# EXERCISE GOAL
Please retype all of the entries that follow, leaving the images out.
--
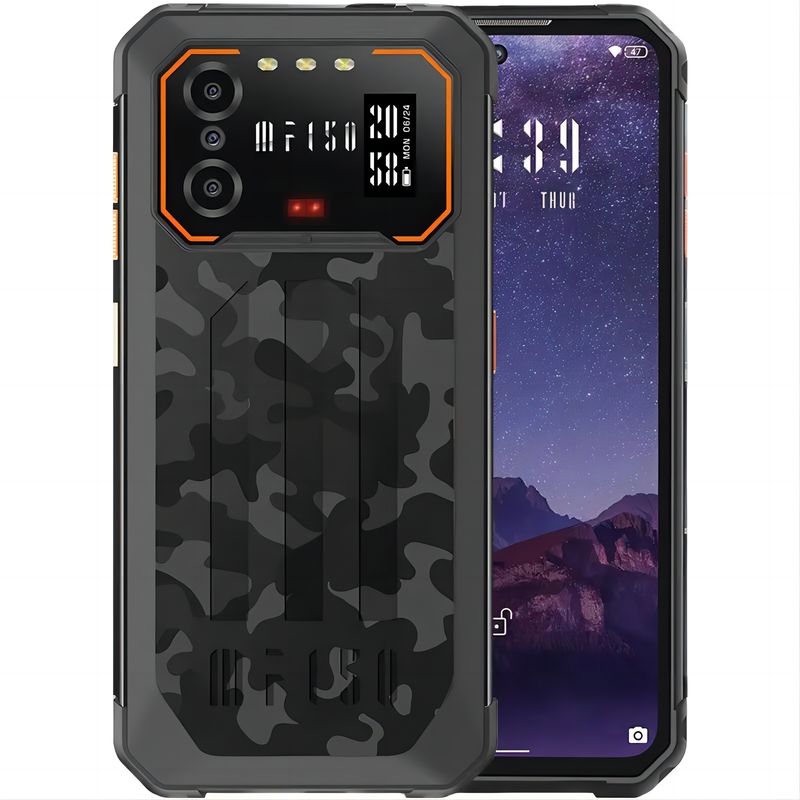 OUKITEL - IIIF150 B2 Celular 6GB+256GB 10000mAh NFC Smartphone-Negro
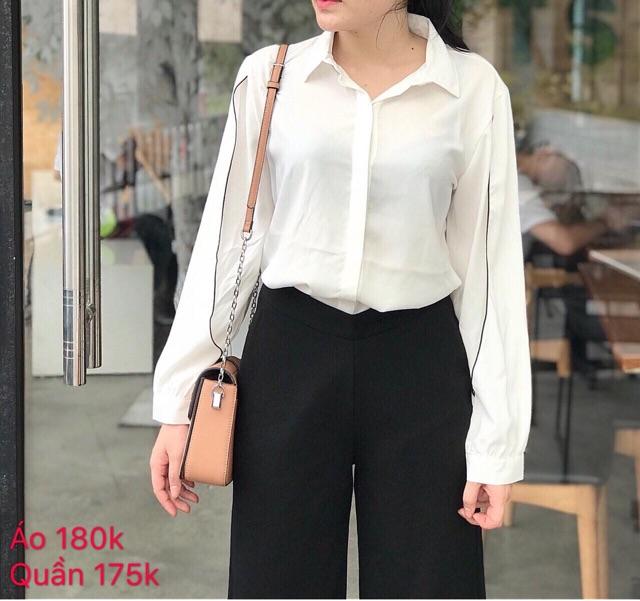 Áo sơ mi tay viền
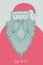 Original hipster santa claus, modern graphic style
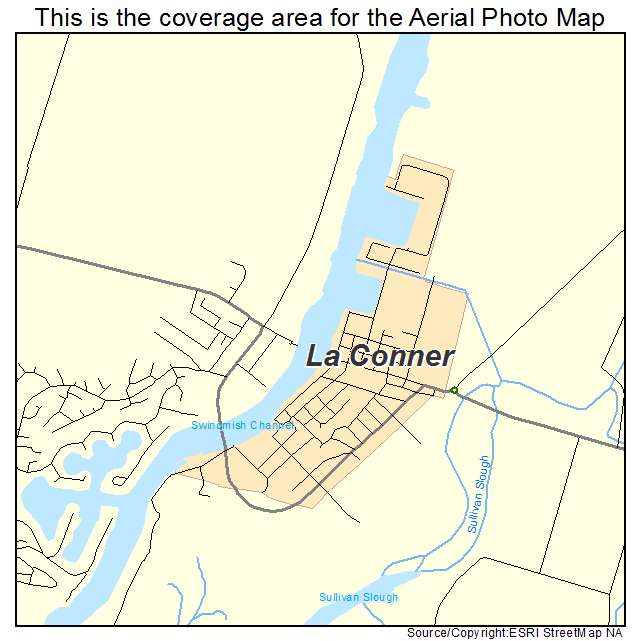 La Conner, WA location map 
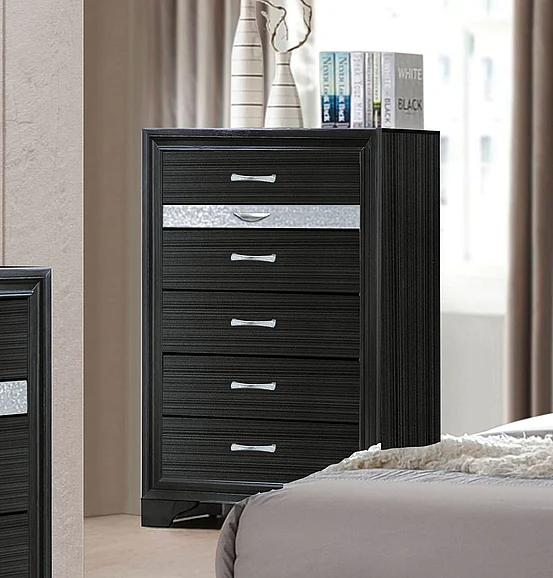 Acme Naima 6-Drawer Chest in Black 25906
--
# OUTPUT OF THE EXERCISE
 OUKITEL - IIIF150 B2 Celular 6GB+256GB 10000mAh NFC Smartphone-Negro
 Áo sơ mi tay viền
 Original hipster santa claus, modern graphic style
 La Conner, WA location map 
 Acme Naima 6-Drawer Chest in Black 25906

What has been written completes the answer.